Dalam waktu singkat, hampir semua sumber penghidupan masyarakat Desa Pleret habis luluh lantak. Misalnya: usaha yang digeluti oleh kaum perempuan di rumah masing-masing, hancur tak bersisa. Hasil rajutan mereka tidak bisa diselamatkan karena tertimpa bangunan. Demikian pula hasil bordir dan payet manikmanik) yang begitu manis melekat pada kain batik, saat itu hancur dan tidak bisa dikenali lagi. Demikian pula dengan sumber-sumber perekonomian masyarakat lainnya seperti: pasar onderdil motor dan sepeda yang berderet di ujung desa, pasar kecamatan, dan sektor usaha pertanian dan peternakan. Sejauh mata memandang, yang tampak adalah kehancuran.

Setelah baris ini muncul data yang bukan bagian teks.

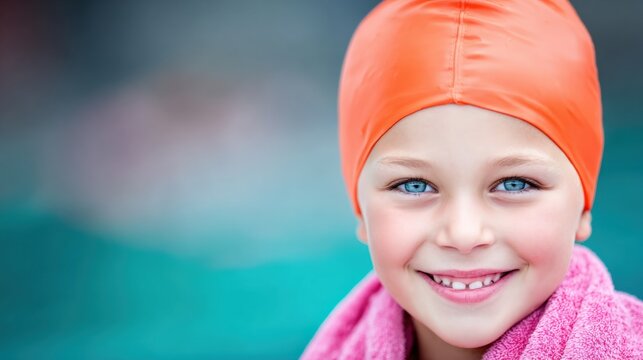 A young swimmer stands at the poolside, smiling with joy after finishing a significant competition. Wearing a bright orange swim cap and a pink towel, the atmosphere is filled with excitement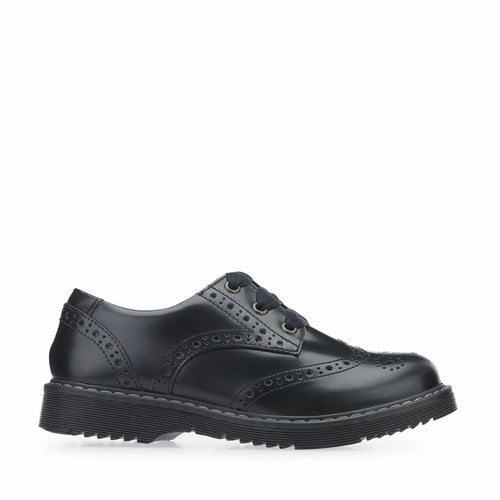 ANGRY ANGELS KIDS 7278_7 Impulsive Black Leather Brogue Style Lace-Up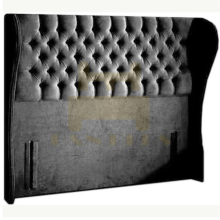 (Steel Plush, KIng 5ft) Headboard for Divan Bed Plush Velvet 54" Winged Chesterfield Headboard All Sizes Handmade UK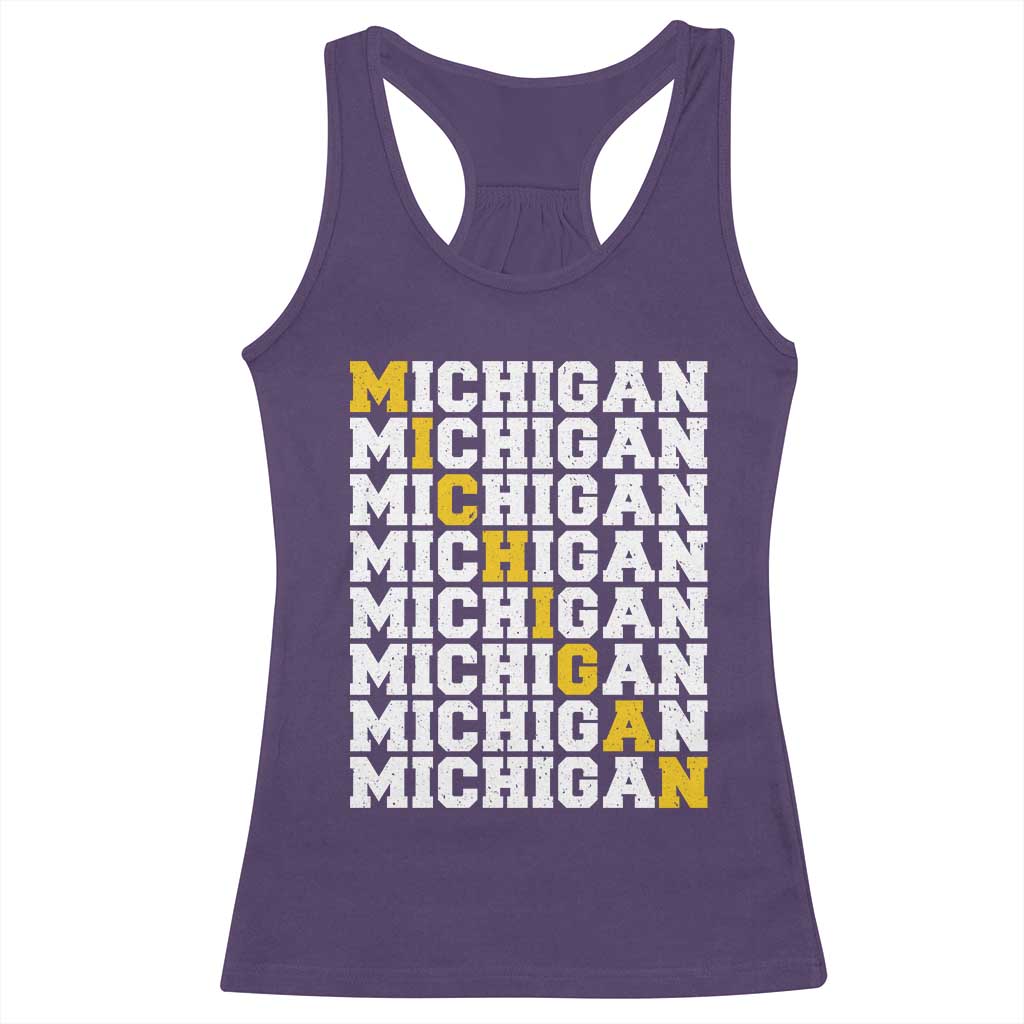 Michigan Fan Racerback Tank Top Yellow Bold Athletic Sport State Letters Game Day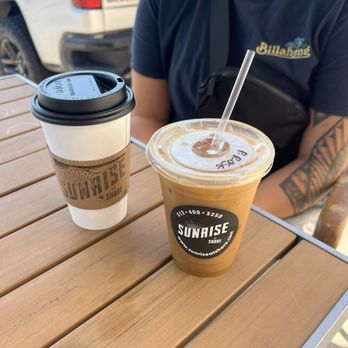 Sunrise At Shore - Pistachio rose coffee and regular coffee - Breakfast & Brunch Near Me - Austin, Texas Sunrise At Shore - Pistachio rose coffee and regular coffee - Breakfast & Brunch Near Me - Austin, Texas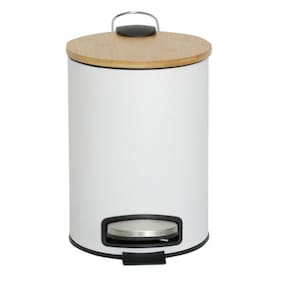 Lixeira Pedal Bambu Branco Mimo  ALX23282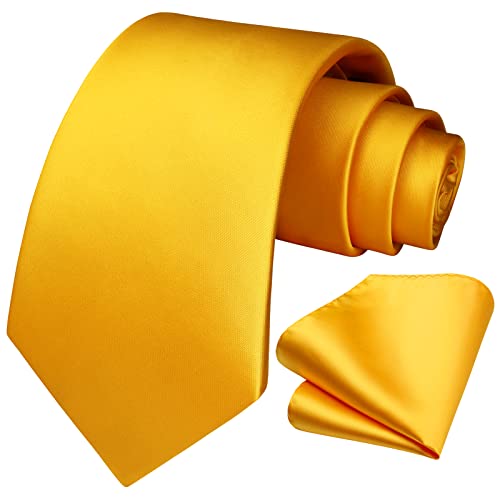 Image of HISDERN Mens Solid Color Ties Formal Satin Necktie and Pocket Square Set Classic Wedding Business Tie & Handkerchief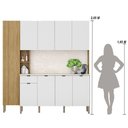 Ver imagem 4 de Armario de Cozinha Compacta 9 Portas 1 Gaveta Pulse - Freijó/artico/riscatto Freijó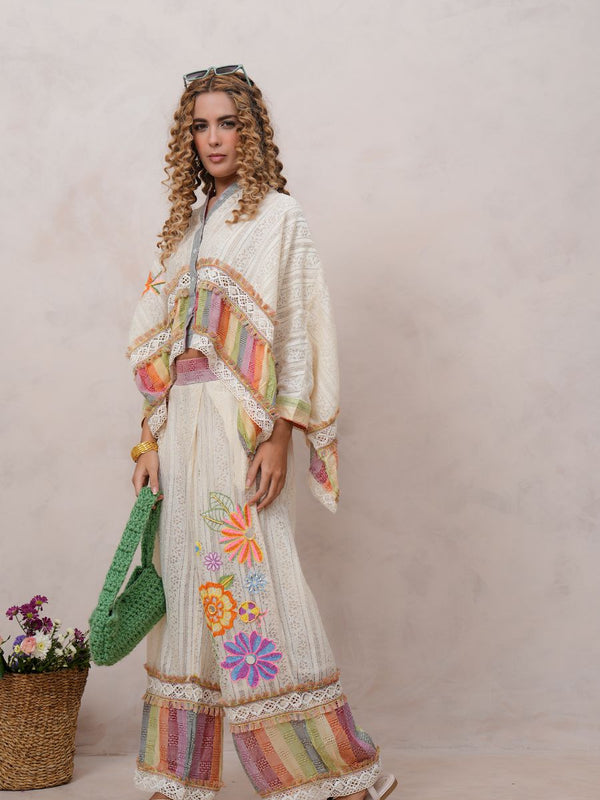 Women’s Multi-Color Cotton Embroidered Co-ord Set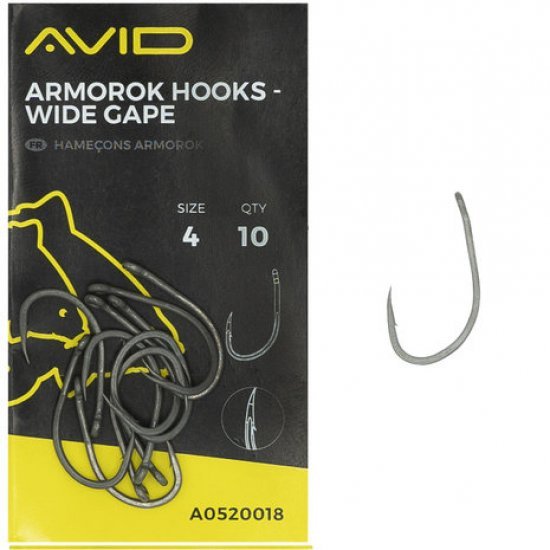 Avid Carp Armorok Hooks Wide Gape Barbed
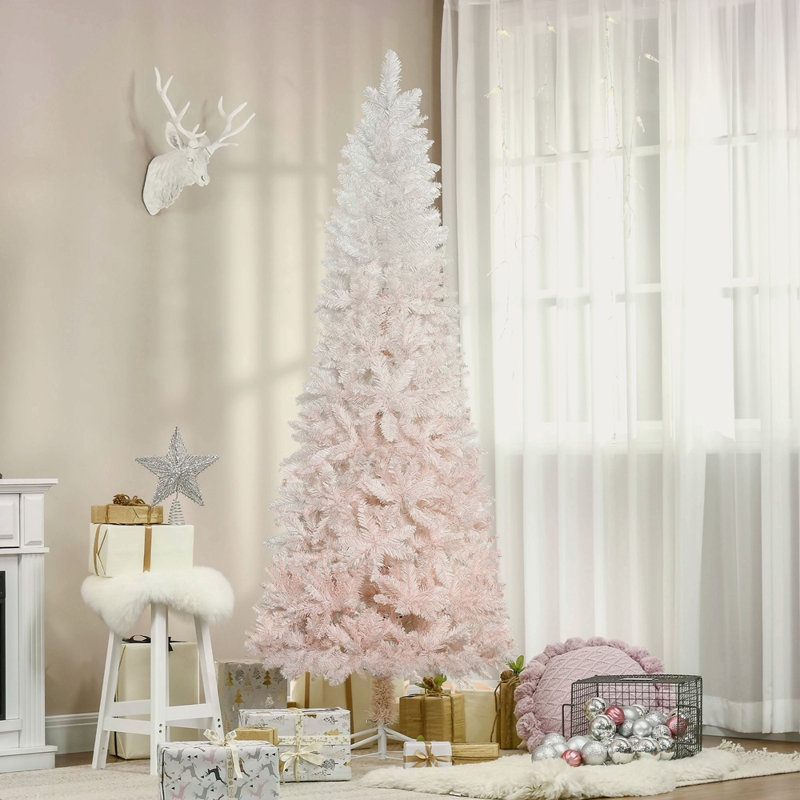 Sapin de Noël artificiel non éclairé 7 pi avec branches réalistes et base en acier, rose et blanc, 7'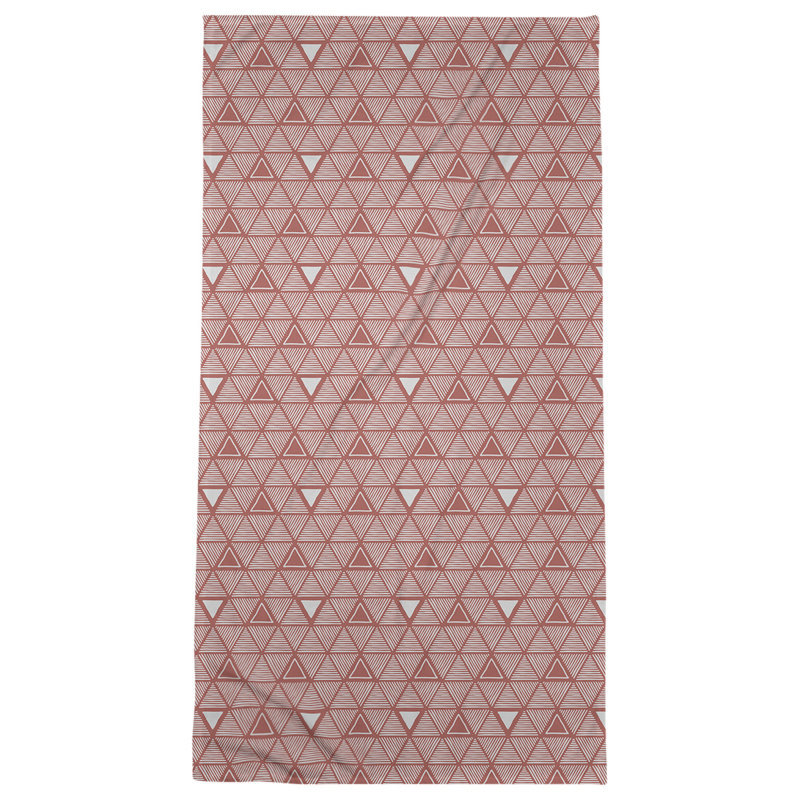Serviette de plage classique à motif de triangles dessinés à la main, Rouge/blanc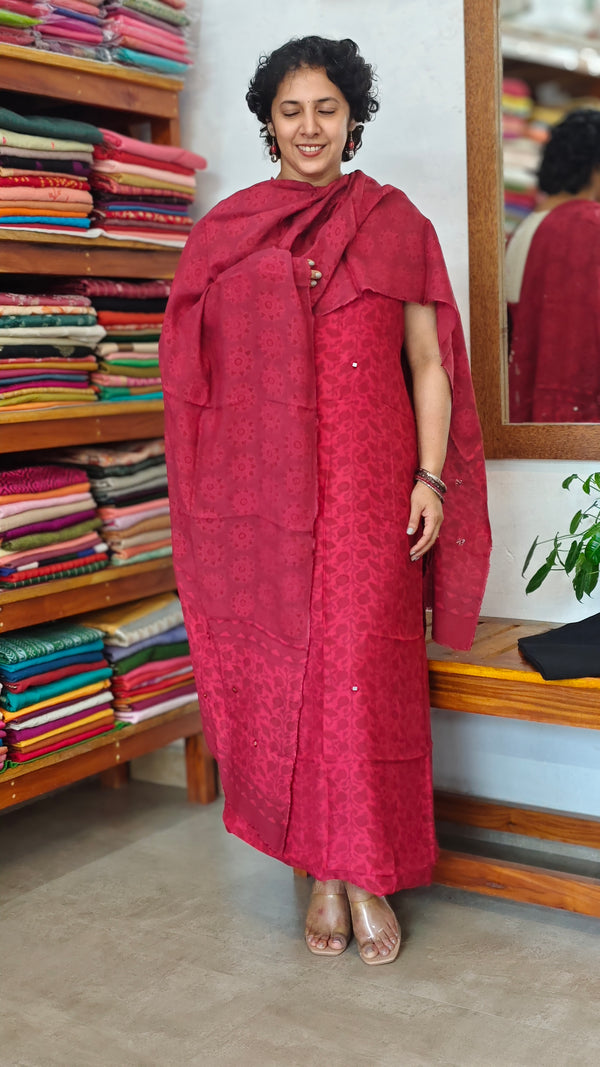 Reddish Pink Modal Cotton Suit
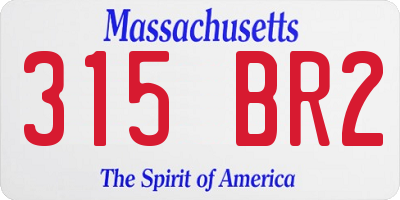 MA license plate 315BR2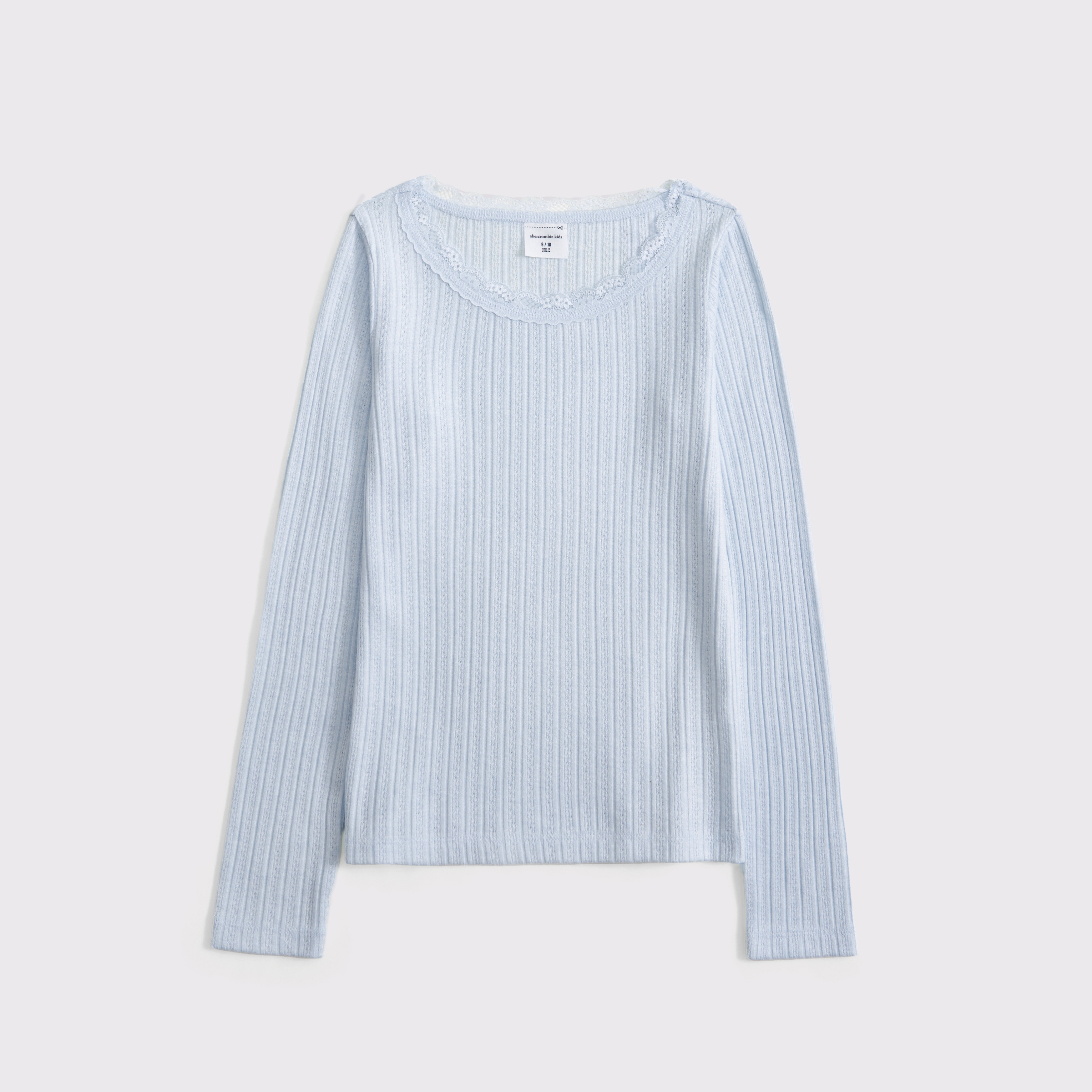 Abercrombie & Fitch Kids' Long-sleeve Pointelle Lace-trim Top In White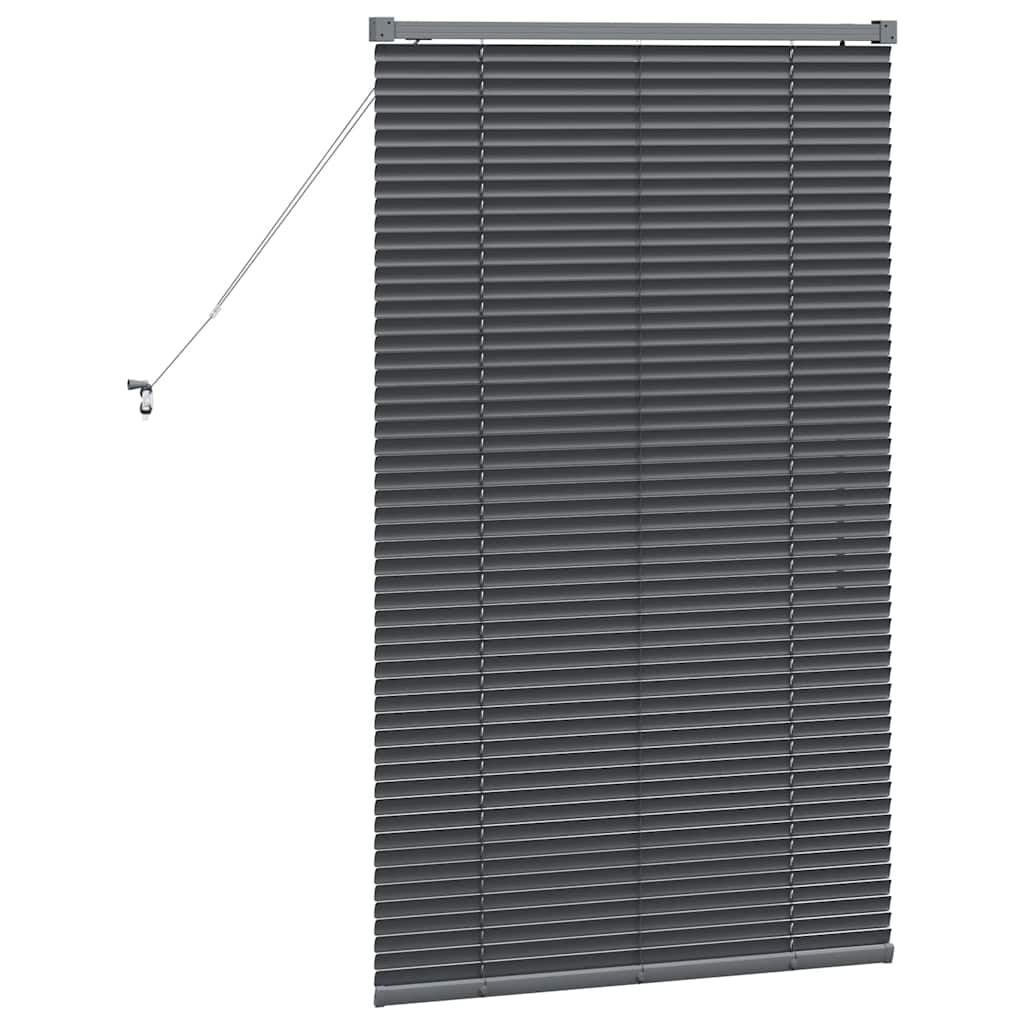 vidaXL Jaluzea pentru Fereastră cu perdele Manual Gri închis Aluminiu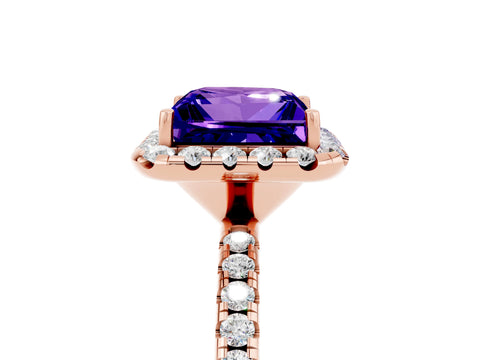 Rose gold Princess Cut Halo Round Diamond Pavé Band Four-Prong Ring_5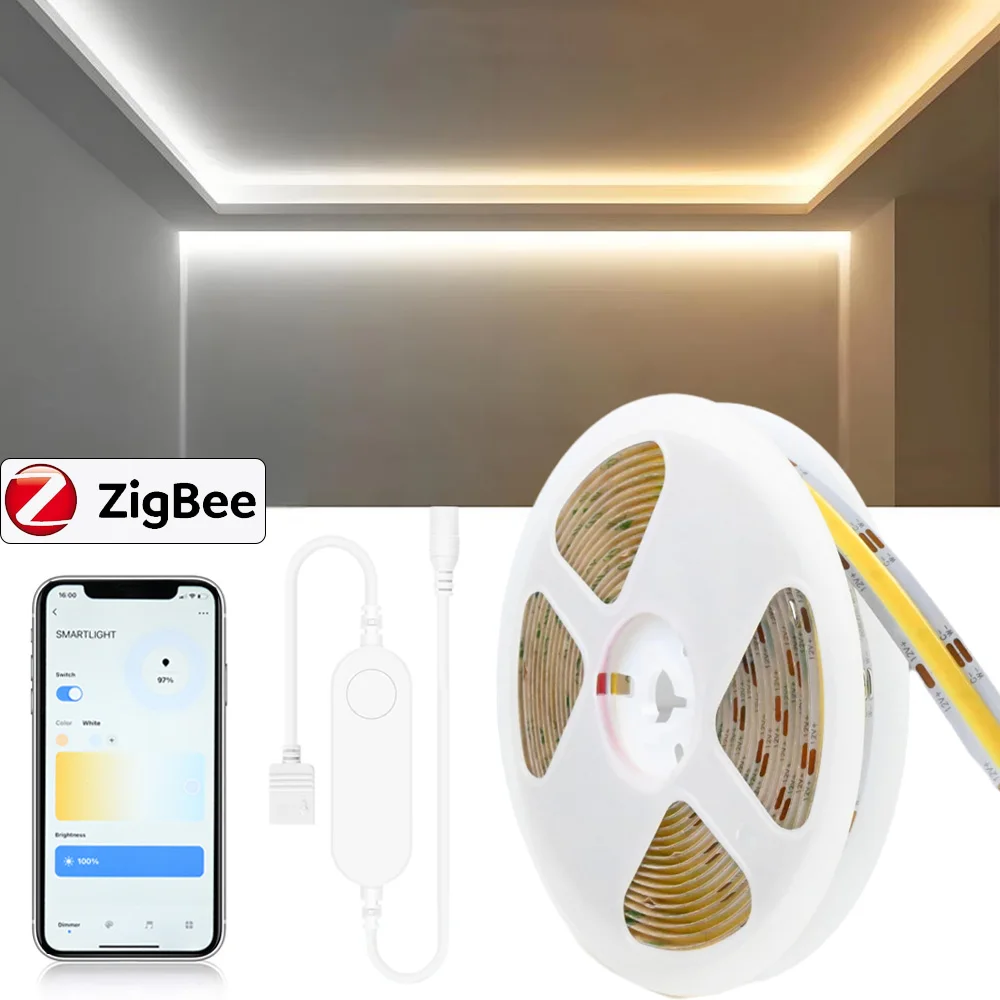 

CENFAYA Tuya Zigbee CCT COB светодиодная лента 12В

Tercatat 218 jiwa penduduk Desa Pleret meninggal dunia. Sedangkan jumlah penduduk yang terluka berat maupun ringan, sulit untuk didata. Pada sisi lain, sebanyak 2.411 rumah roboh, 600 diantaranya mengalami kerusakkan berat. Angka ini bisa menggambarkan bahwa tingkat kerusakkan di Desa Pleret mencapai hampir 90%. Di tengah-tengah kondisi sulit ini, BKM Maju Makmur tidak mau berpangku tangan. Mereka secara informal mengumpulkan semua anggota BKM, dan mencoba mengklarifikasi kondisi masing-masing anggota, termasuk kondisi anggota KSM. Dari upaya ini teridentifikasi bahwa salah satu anggota BKM: Bapak Dahuri, meninggal dunia akibat gempa tersebut. Sedangkan dari KSM, tercatat 3 anggota KSM yang meninggal dunia. Sedangkan fisik Kantor BKM yang berada dalam satu kompleks dengan kantor kelurahan dindingnya retak-retak. Kompleks balai desa hancur, semua kegiatan desa dilakukan di pendopo desa yang tidak lagi berdiri tegak karena tiangnya sudah miring .
Pada hari-hari pertama pasca gempa, masing-masing personal BKM disibukkan dengan pembenahan kondisi di lingkungannya, seperti: membuat tenda dari bahan seadanya untuk tempat berlindung para pengungsi, sambil terus melakukan koordinasi dan komunikasi antar anggota dan pihak pemerintah/desa. Bantuan belum ada, semua mengandalkan bahan makanan yang tersisa (yang sebenarnya sudah tertimbun reruntuhan), termasuk memanfaatkan tanaman-tanaman pangan yang masih tumbuh di sekitar rumah. Beberapa orang berinisiatif mencoba menghubungi pihak keluarganya di kota lain untuk mendapatkan bahan makanan dan peralatan pengungsian. Sekitar empat hari pasca gempa, bantuan dari luar mulai berdatangan. BKM berkoordinasi untuk membantu menyalurkan bantuan-bantuan tersebut. Beberapa bantuan datang dari Forum BKM Jawa Timur , dan pihak-pihak lain yang selama ini terlibat dalam pengembangan BKM, seperti Bank Dunia.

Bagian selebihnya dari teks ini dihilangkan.